* Data extract *
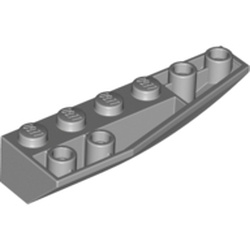 LEGO part  RIGHT SHELL 2X6W/BOW/ANGLE,INV in Medium Stone Grey/ Light Bluish Gray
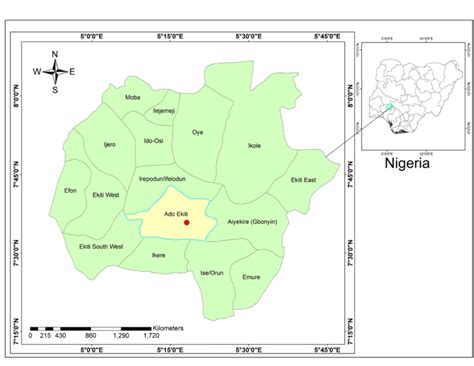 Map of Ekiti State, Nigeria showing location of the study area. (Map... | Download Scientific ...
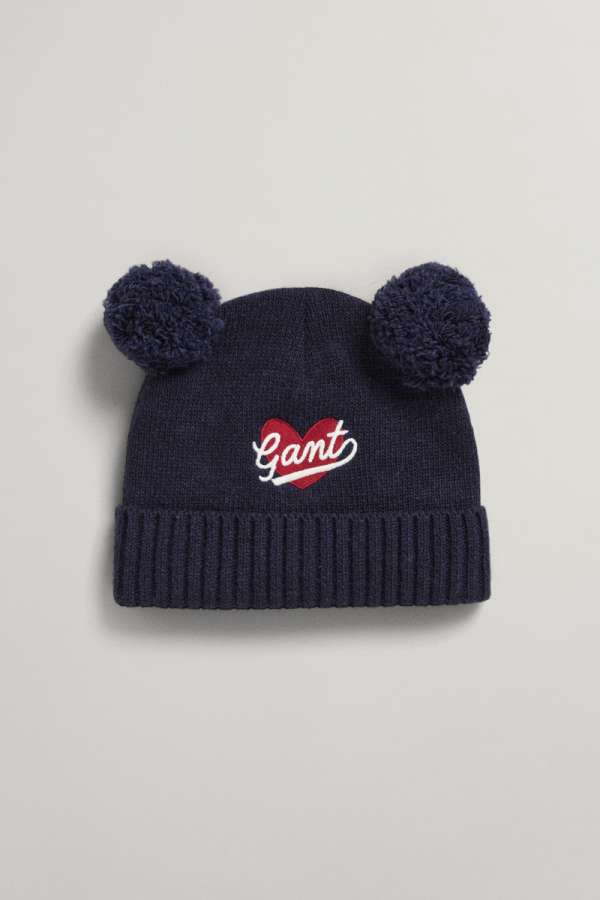 SAPKA GANT D2. POMPOM HEART BEANIE EVENING BLUE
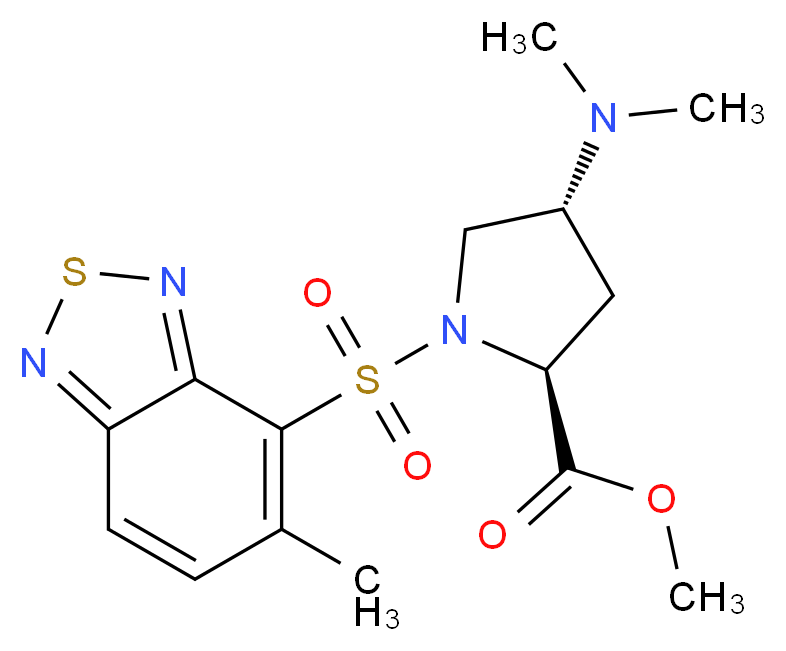 methyl (2S,4R)-4-(dimethylamino)-1-[(5-methyl-2,1,3-benzothiadiazol-4-yl)sulfonyl]pyrrolidine-2-carboxylate_分子结构_CAS_)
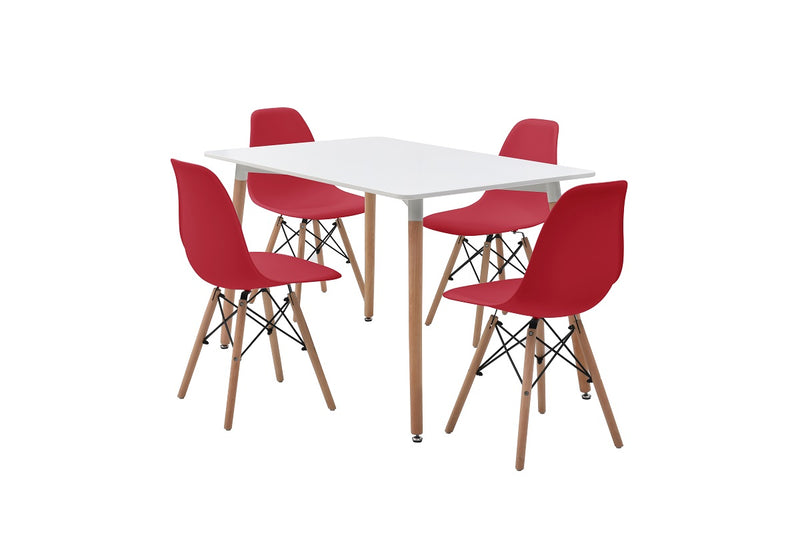 Mesa de comedor rectangular con 4 sillas Skiptvet - Blanco y rojo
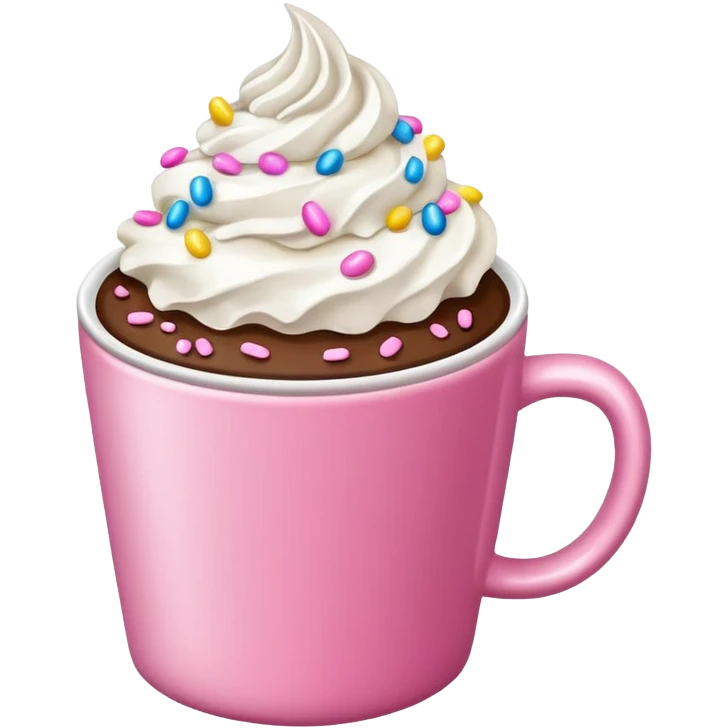 un café con nata en taza rosa y con sprinkles  emoji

* Task to complete *
Repeat the listing word for word, and skip every picture it contains.

* Task answer *
 LEGO part  RIGHT SHELL 2X6W/BOW/ANGLE,INV in Medium Stone Grey/ Light Bluish Gray
 Map of Ekiti State, Nigeria showing location of the study area. (Map... | Download Scientific ...
 SAPKA GANT D2. POMPOM HEART BEANIE EVENING BLUE
 methyl (2S,4R)-4-(dimethylamino)-1-[(5-methyl-2,1,3-benzothiadiazol-4-yl)sulfonyl]pyrrolidine-2-carboxylate_分子结构_CAS_)
 Mesa de comedor rectangular con 4 sillas Skiptvet - Blanco y rojo
 un café con nata en taza rosa y con sprinkles  emoji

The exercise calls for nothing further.